During the visit, the team not only witnessed the work being done in the basin but also consulted with the experts and beneficiaries to collect actual information about the activity accomplished by the KILM project.
Mr. Tekeba Tebabal, General Manager of KILM, Safe Water Supply and Sanitation Regional Bureau, along with his colleagues, gave a briefing on the work being done by AAU in collaboration with various organizations in the basin.
According to the General Manager, KILM is a five-year integrated development project implemented in collaboration with the regional government and the government of Kingdom of the Netherlands.
As stated by Mr. Tekeba, the overall objective and goal of the project is to enable the people of Kunzila and the surrounding area to grow in income, own healthy and quality life style in the next five years.
Integrated project work, increasing agricultural production and productivity, making safe drinking water accessible, cooperating with institutions in a scientific manner, capacity building, conducting scientific monitoring and evaluation, etc. are the main activities of the project, the Manager said.
The main function of integrated Watershed is to protect land degradation and water loss, increase agricultural production and productivity, and enable farmers to use technology resources wisely, Mr. Tekeba confirmed.
According to Mr. Tekeba, the project is benefiting more than 32,000 residents of 6 kebeles found in the 12 Watersheds of Kunzila and its environs.
Work is underway to rehabilitate depleted natural resources, protecting gully using cabin and wood terracing, practicing protected grazing land, digging boreholes, growing forage, digging soil bend and so on, as stated by Dr. Aseffa Derebe, Deputy Manager of KILM.
“In this way, efforts are made to ensure that any course of water entering the Lake Tana is clean and does not carry any soil in the near future,” Dr. Aseffa added.
Dr. Aseffa also stated that about 400 farmers are well trained to feed their animals beyond themselves applying scientific methods by growing fodder such as elephant grass, cowpea, pigeon pea, Rhodes grass, Spania and others.
The team found that the project has been successful in seven months in the areas of environmental protection, modern agriculture, health care, safe drinking water, fodder preparation, nursery site establishment, grazing land use, gravel roads construction connecting villages with main roads and so on.
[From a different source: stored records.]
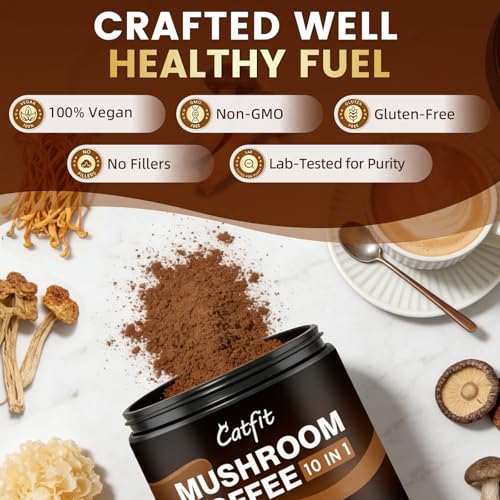 Catfit Instant Mushroom Coffee Powder 5 64 Ounce - image 8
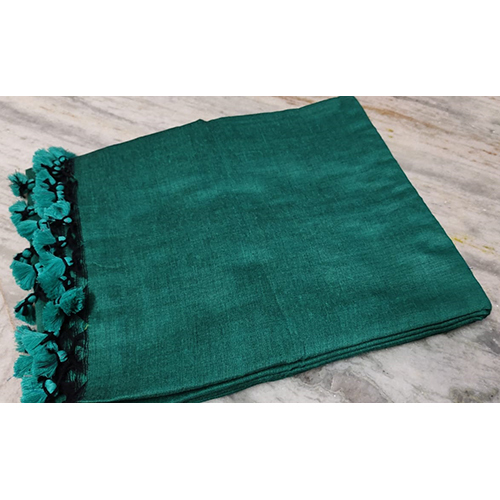 Green Ladies Pure Solid Cotton Saree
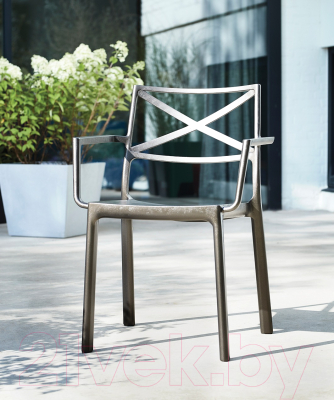 Стул пластиковый Keter Metalix / 247275 (серебристый)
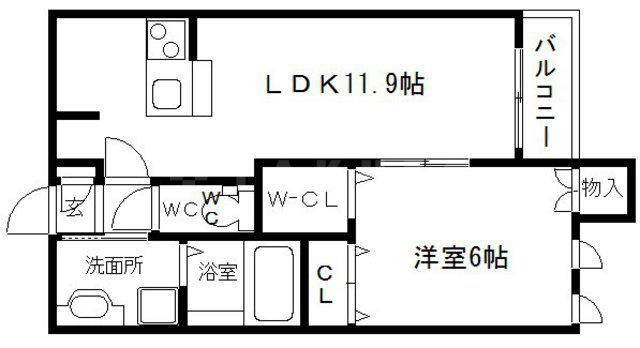 アヴェイル淡路(1LDK/3階)の間取り写真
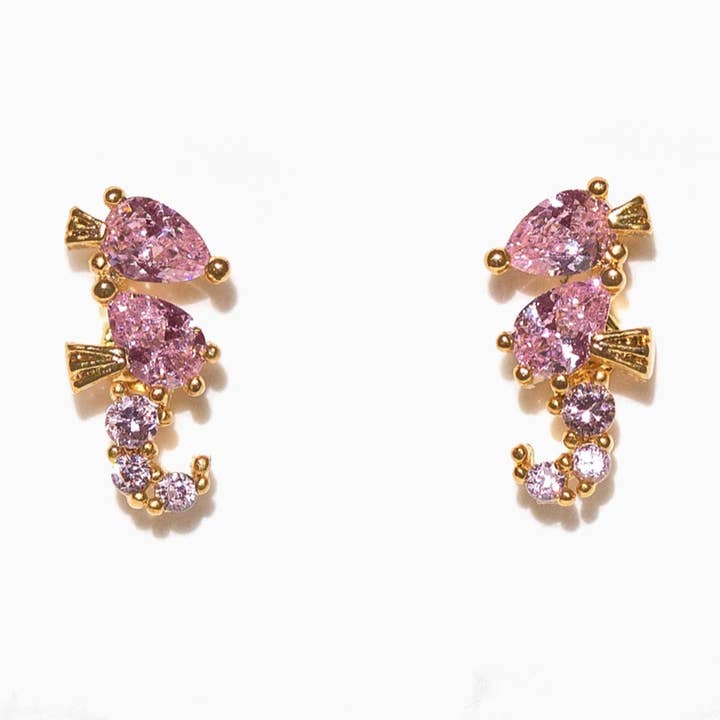 Sparkling Seahorse Studs for wholesale by Girls Crew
The project has led the farmers to produce a wide range of vegetables and fruits on homestead so that they can grow and use vegetables that they have never grown before, such as beetroot, cabbage, carrot, avocado, banana, coffee and others.
According to the feedback from the beneficiary farmers, they are happy with all that KILM is doing in their area. They wish that the project activity and its duration of stay in the area be extended to ten years.